Friday, December 19, 2003

A few days ago, Armstrong Williams, the black conservative radio host and syndicated columnist, wrote about Strom Thurmond and the child he fathered with a teenage black maid. Here was Williams's lead paragraph:

The truth has a biological advantage. It doesn't need the artifice of man to survive. It lives and breathes freely on its own.

Some might argue that it's awfully convenient for Williams if the truth can survive without human intervention, because Williams -- who worked for Thurmond many years ago -- has known about Thurmond's mixed-race child since at least 1996 and never uttered that truth until now:

There was a conversation that occurred at a 1996 Washington Urban League ceremony honoring myself and Sen. Thurmond for the growing bonds between black and white Americans. Back stage, Sen. Thurmond leaned over and said, "You know, I have deep roots in the black community -- deep roots."

His voice softened into a raspy whisper: "You've heard the rumors."

"Are they just rumors, senator?" I asked.

"I've had a fulfilling life," cackled Thurmond, winking salaciously.

The subject came up again while the senator and I were attending a S.C. State football game in Orangeburg. He mentioned how he had arranged for Williams to attend S.C. State College while he was governor. (Sen. Thurmond caused a stir when his official car rolled onto campus for a visit.)

"When a man brings a child in the world, he should take care of that child," said Thurmond, who then added, "she'll never say anything and neither will you -- not while I'm alive."


It's odd, though, that Williams never said anything about his ex-employer -- after all, Williams recently delivered a speech to fellow journalists called "On Moral Absolutes" in which he said,

The foundation of all journalists, whether you like it or not, is a sense of morality, a sense of fairness. That's what it's about. It is their moral compass. And no matter how flawed their moral compass may be, within themselves they feel they have a sense of right and wrong and what is right and wrong for the world, and that is what they write about. That's what we try to do every day: make the world better and make the world accountable.

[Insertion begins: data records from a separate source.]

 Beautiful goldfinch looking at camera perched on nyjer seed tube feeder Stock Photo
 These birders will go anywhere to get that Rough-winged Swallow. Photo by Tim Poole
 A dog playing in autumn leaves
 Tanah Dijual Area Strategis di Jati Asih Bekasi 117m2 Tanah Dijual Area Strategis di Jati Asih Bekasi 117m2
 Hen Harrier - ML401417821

Williams withheld the truth about Thurmond throughout the senator's life, and praised him at his death. He never tried to hold Thurmond accountable for denying that he was Essie Mae Washington-Williams's father for nearly eighty years.

But it all makes sense if you look again at that speech "On Moral Absolutes." In fact, the speech isn't about "moral absolutes" at all. Here are some more excerpts (emphasis mine):

Whatever the media writes and ascribes to, whether you call it religion or not, is simply differentiating between right and wrong. One of the best examples was Jesse Jackson, whom I have tremendous respect for. But when a rumor was revealed that he had had a child out of wedlock, he lost his moral authority. It became a moral issue....

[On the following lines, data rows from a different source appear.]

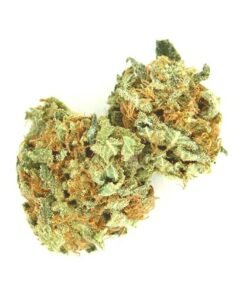 buy ak 47 strain.jpg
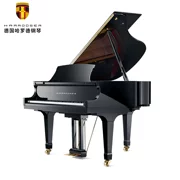 Đức HARROSDER HG-158 đàn piano biểu diễn chuyên nghiệp dành cho người lớn cao cấp mới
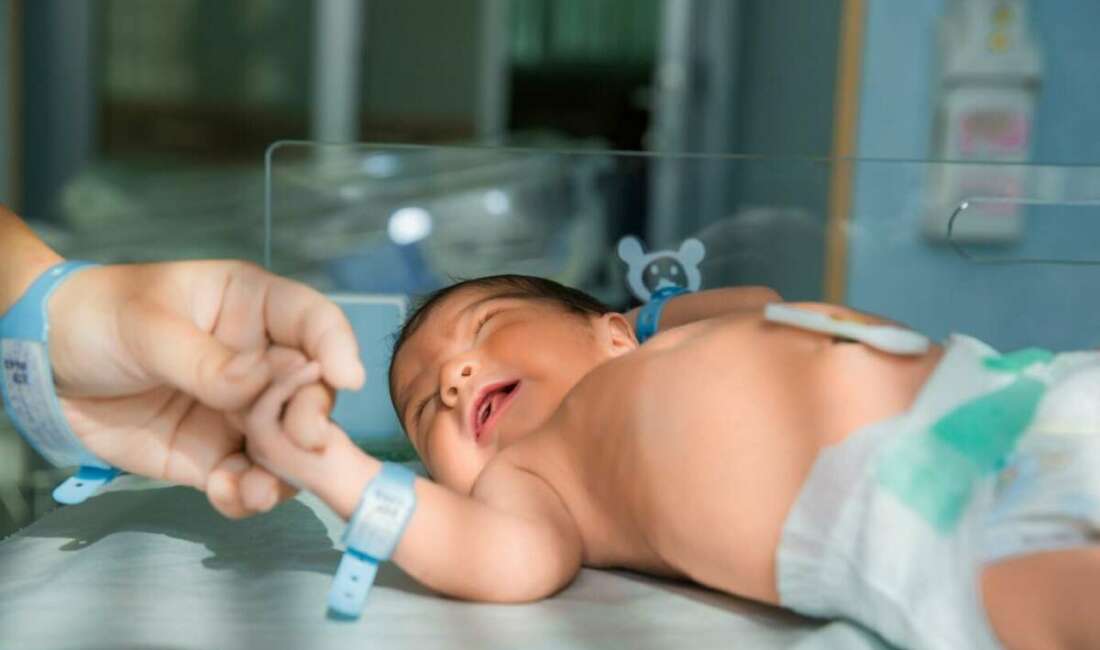 Hayat Hastanesi Göz Hastalıkları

With former President Clinton, his final downfall and his legacy had to do with morality. The greatest leadership in the world is not how you lead armies against tyrants. It's not how many victories you win or have in your scrapbook. The greatest leadership in the world is the leadership to guide and run your own life. The ability to wrestle with angels, the ability to have moral restraint, the ability when you have sexual temptation and you want to cheat on your wife, or lie to someone, and you find the moral fortitude within yourself to say, no, I must rise above it.

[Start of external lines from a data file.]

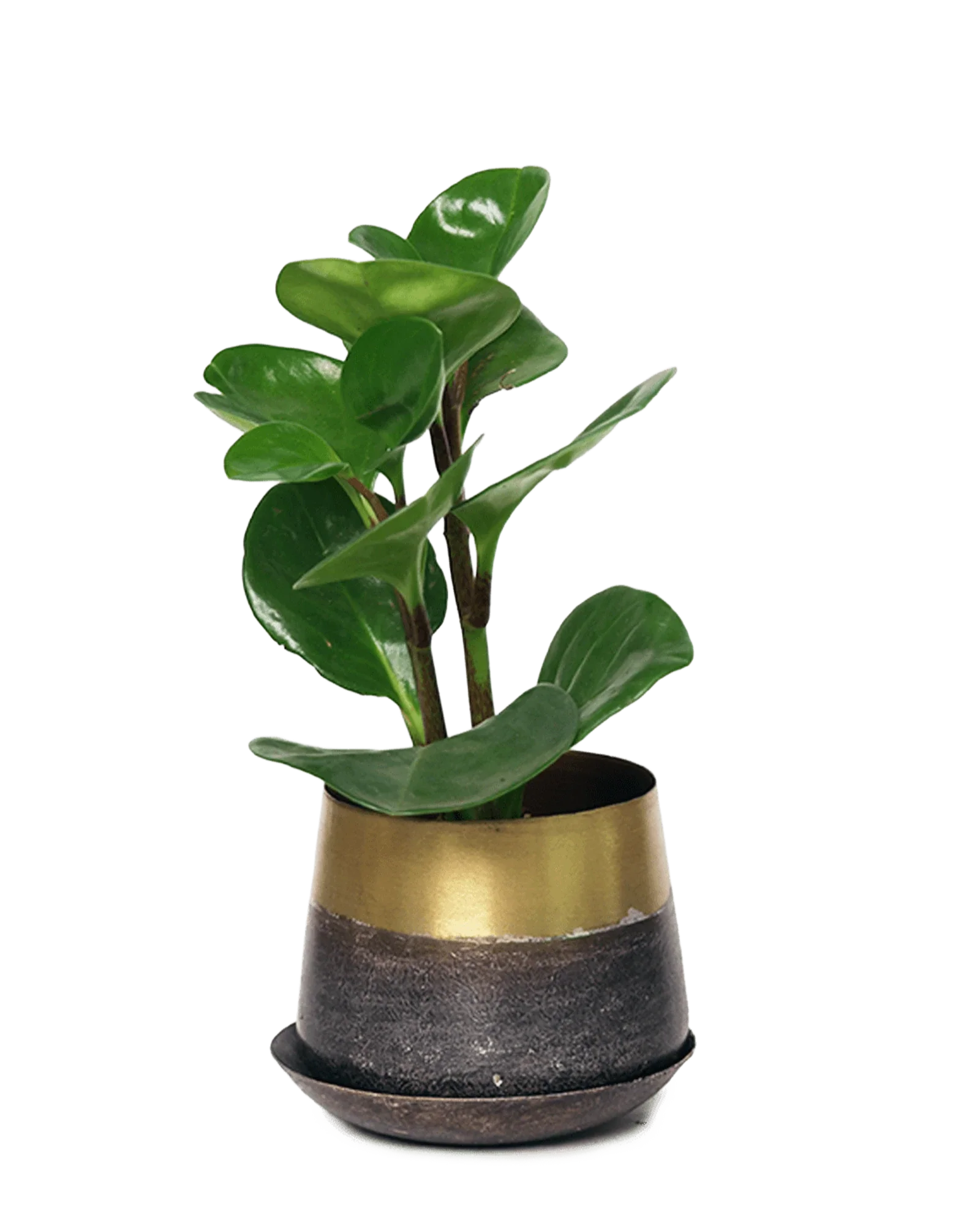 Joe Metal Pot With Drainage Hole | 3 inch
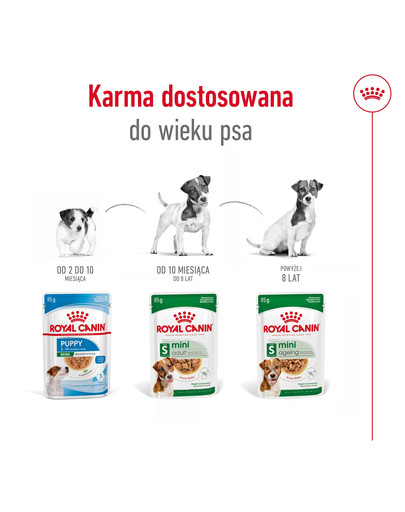 ROYAL CANIN Mini Adult karma mokra w sosie dla psów dorosłych, ras małych 85 g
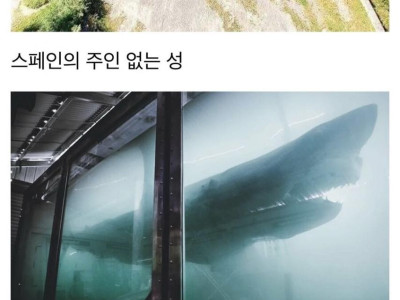 각 나라의 폐허 모음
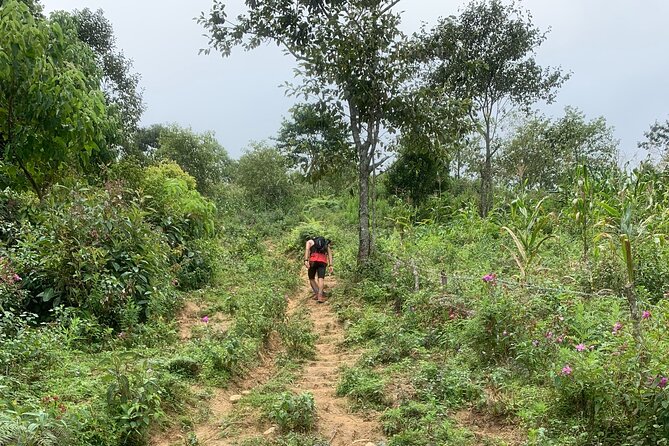 Full Day Sapa Cow Hill Trekking Tour Review - Schedule and Duration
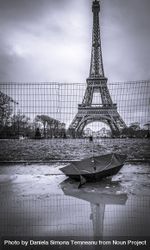 Eiffel tower monochrome on rainy day 4m1VQ4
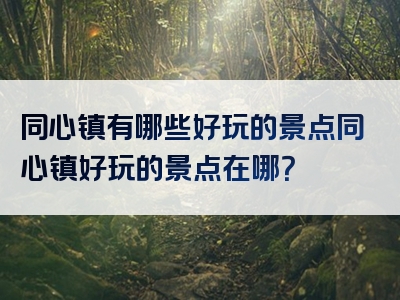 同心镇有哪些好玩的景点同心镇好玩的景点在哪？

When others see that, when others see your moral compass, your moral judgment, you develop trust and respect and you will instruct others to say, you can do better, you must rise above the temptations of your own flesh and you must have the strength to overcome the demons that we all possess, that challenge us on a daily basis.


To Williams, immorality is wrong -- but, if you're immoral, you don't lose your moral authority until somebody talks.

Williams thought Ol' Strom had moral authority -- and he sure wasn't going to be the one to cause him to lose it.

Some of you will note, with a snicker, that (as Michelangelo Signorile has noted) Williams "was sued by a male bodyguard a few years ago who claimed he was sexually harassed by Williams, a case that was settled out of court." But whether or not Williams committed a moral wrong (by seeking to commit a homosexual act, if you're a traditionalist; by being a harasser, if you aren't), shouldn't he argue for a consistent moral code nonetheless? Isn't right right? Isn't wrong wrong?

For Williams, I don't think it is. I think, for Williams, the conservative moralist, wrong is only wrong when you get caught.

(First Williams link courtesy of Roger Ailes and Silver Rights.)